The Metamorphosis, Directed by Pencho
The Metamorphosis is a film adaptation of the classic short story by Franz Kafka about a salesman who wakes up one morning to find that he has been transformed into a hideous insect. This Bulgarian version is faithful to the original, taking the story literally and taking Kafka at his word when it comes to transforming a man into a vermin. The difference between mediums is in this case very significant, as the symbolic nature of Kafka’s story becomes more concrete when it involves actual imagery and the physicality of turning into a beetle before our very eyes. In Pencho’s film adaptation — years in the making — the metamorphosis of Gregor Samsa does not happen metaphorically, but quite literally.
This is a morning like any other, and Gregor must wake up very early in order to catch the first train of the day so that he will be able to arrive at his sales meeting on time with a client in some other city. He awakes without the aid of his alarm, but once he glances at the clock he realises to his horror that he has slept far too long. If he hurries, he might be able to make it to the second train of the morning. Though he will be late regardless, at least he will be able to get there. But he also realises, to his second horror, that his entire body has changed: He isn’t really human anymore. Hoping that this is just a small hitch, some misperception or illness which will soon pass, he attempts to roll himself from off his shelled back to get out of his bed — first to no avail, and then with a thunderous thud to the ground. His family is worried about him, knocking on both the locked doors to his room. From one side, his parents call him, and from the other his sister wails. Soon even Gregor’s manager shows up, having realised that he did not make it to his appointment. He, too, knocks and calls through the door. Gregor calls back, trying to explain himself, but with the opposite result. We understand what he is trying to say, but all his family and his manager hear are the terrible noises of an enormous vermin. The horrified manager flees, while his family still has hope. But everything will change when Gregor finally manages to unlock the door.

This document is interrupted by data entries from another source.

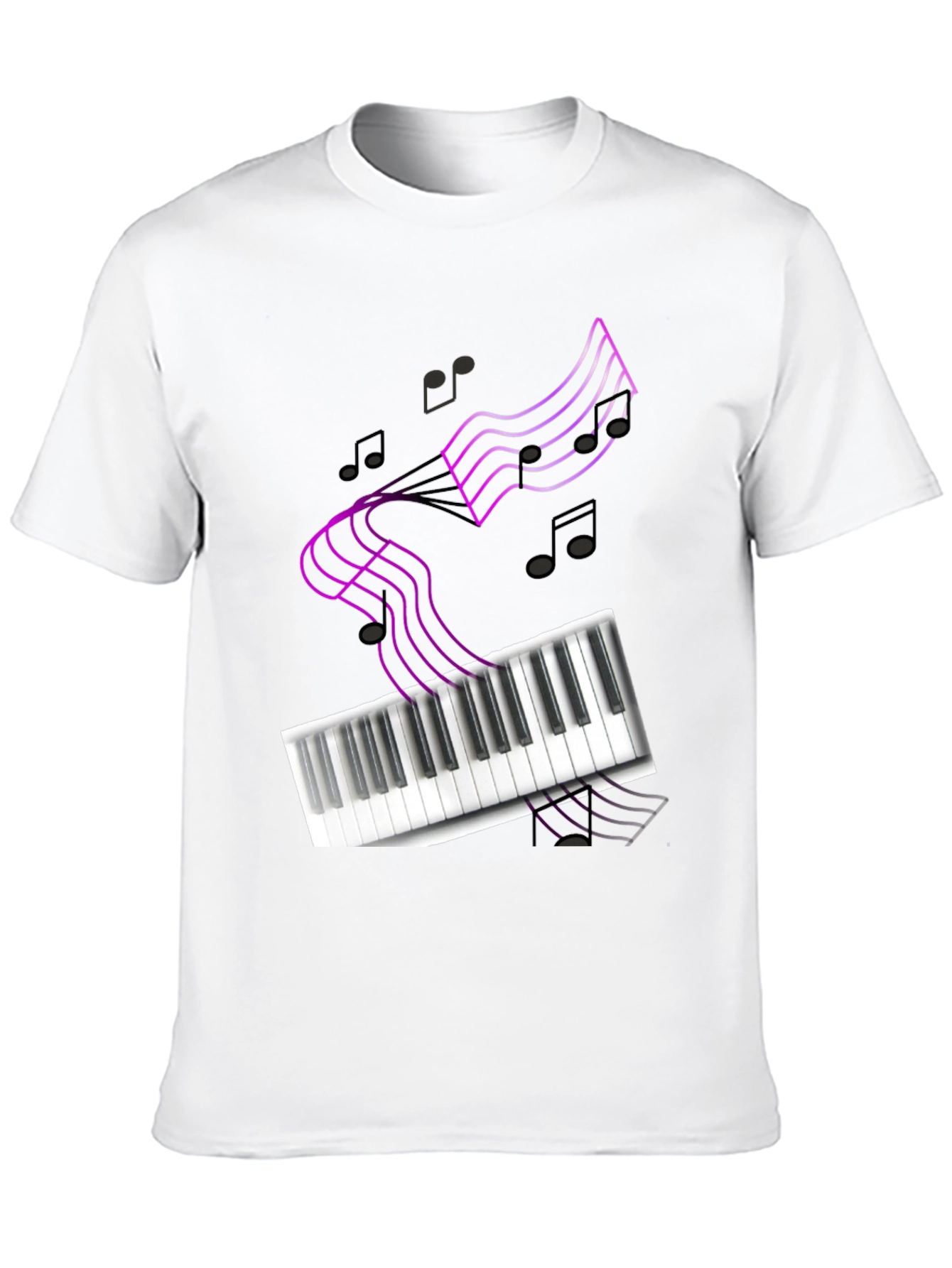 Musical Notes Piano Keyboard Graphic T-Shirt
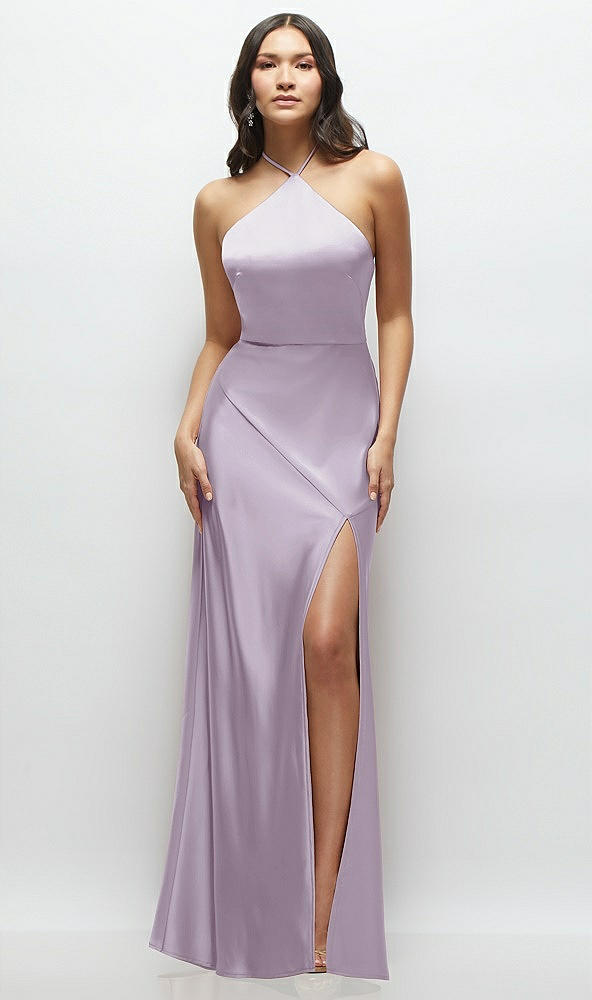 Front View - Lilac Haze High Halter Tie-Strap Open-Back Satin Maxi Dress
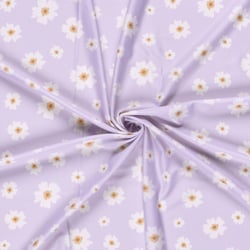 Tissu Maillot de bain UPF50 recyclé Fleuris sur fond Lilas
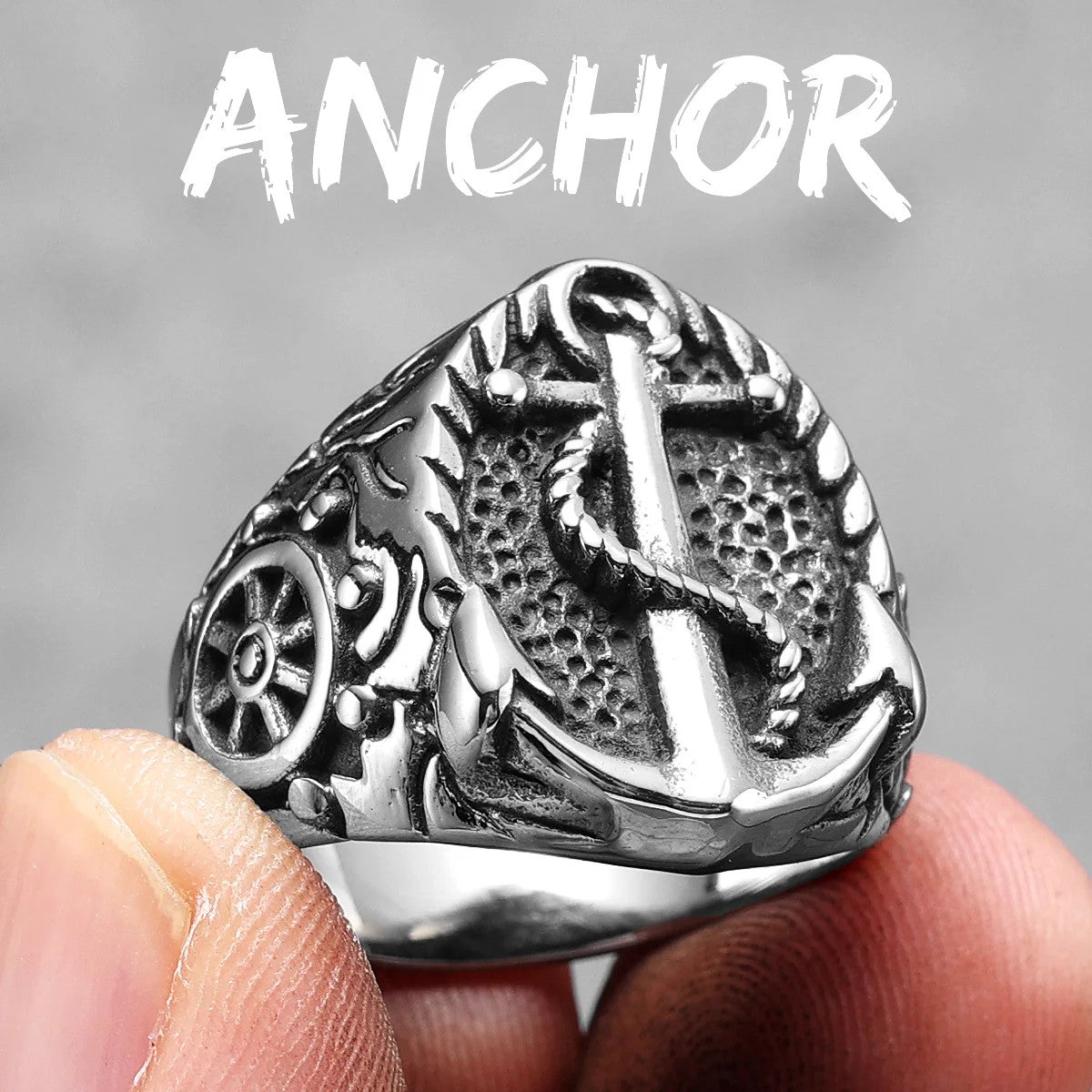 Nautical Navigator | 316L No Fade Stainless Steel Anchor Lighthouse Ocean Sailor Ship Men Rings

The approach of the film is to take Kafka at his word, to implement everything that he describes in detail. Gregor is literally a vermin, and the lines of the characters correspond to the novella. It is a long film for an adaptation of a short story. Time cards dictate the passage of months of time between scenes. Things change according to the classic story, but very slowly. Whereas Kafka’s work is exciting and revolutionary, this film adaptation is tedious and slow, adding little to a story that is certainly more effective as a work of symbolic literature. By taking the story literally, the film removes some of its power of metaphor. Still, the method with which this approach is taken is well-done as far as the costumes and sound effects are concerned: The vermin that is Gregor is vile thanks to the costume and makeup he wears, as well as the disgusting sound effects that mimic the movements and subtle but gross sounds that one would imagine just such a vermin to make. Moments of shock show the horror of Gregor’s family and others at his strange and sudden transformation.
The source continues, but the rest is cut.